Take the example of insolvency law provisions in pending proceedings that provide for a simple majority threshold for the acceptance of a reorganisation plan. In this situation, any terms in any type of lending documentation, irrespective of the law that governs the lending facility, that require a higher or lower percentage of acceptance, would be entirely irrelevant and would have no impact on the proposed restructuring.
State proceedings
Applying this principle to a state reorganisation mechanism could form the theoretical basis on which a state may impose its national insolvency law on the acceptance rate of a sovereign bond restructuring offer. This would take precedence over the contractual terms on acceptance rates, as contained in the bonds themselves. Under certain qualifications, this principle could have formed an alternative to the collective action clauses (CACs) approach in the Greek PSI exercise, encompassing in its scope both Greek law and foreign law bonds.
Recognition and enforcement of favourable rulings is then sought by opposing creditors before friendly venues, usually those prone to a more restrictive reading of the state immunity doctrine.

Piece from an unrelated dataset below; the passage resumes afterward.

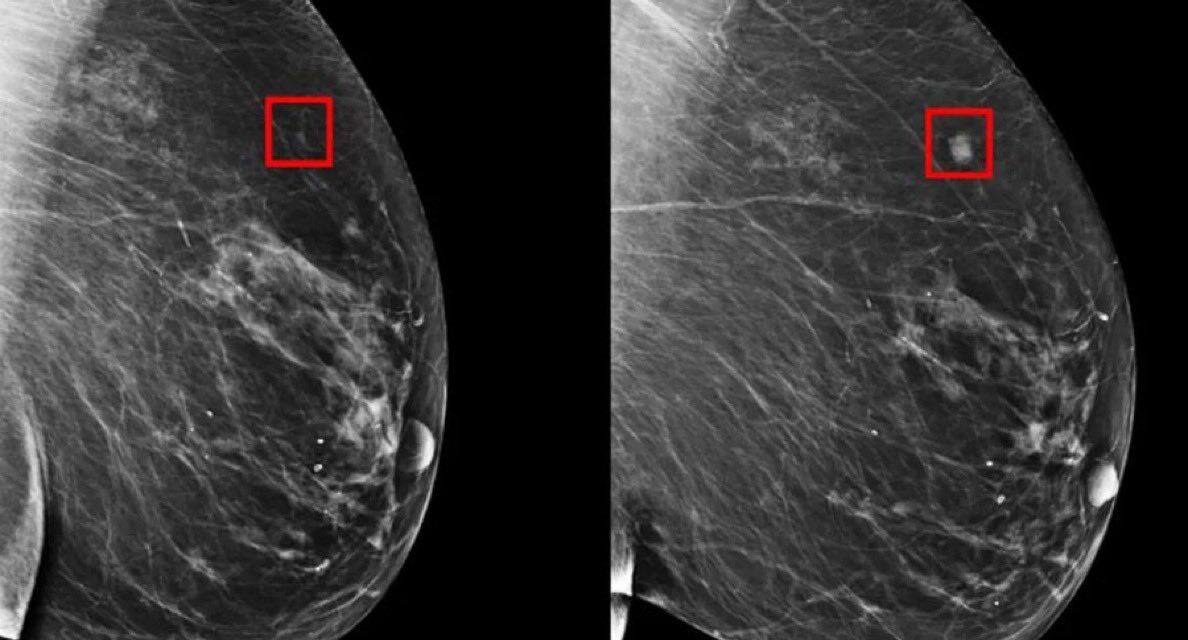 AI-Supported Breast Cancer Screening Shows Significant Accuracy Improvements, New Findings Reveal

Legal asymmetry on immunity laws across Europe and the world further enable forum shopping.
The distinction turns on whether the issuance of bonds is a public act of a sovereign (acta jure imperii), which should afford the state immunity defence, or simply a commercial act (acta jure gestionis), which does not justify any special protection.
Both the English and the US courts, two jurisdictions of choice in sovereign bonds, have taken a more limited view on the state immunity doctrine. Unsurprisingly, and on account of their strict provisions of domestic legislation on state immunity, the two venues are often the place for either the inception of proceedings against a sovereign, or a forum in which recognition is sought.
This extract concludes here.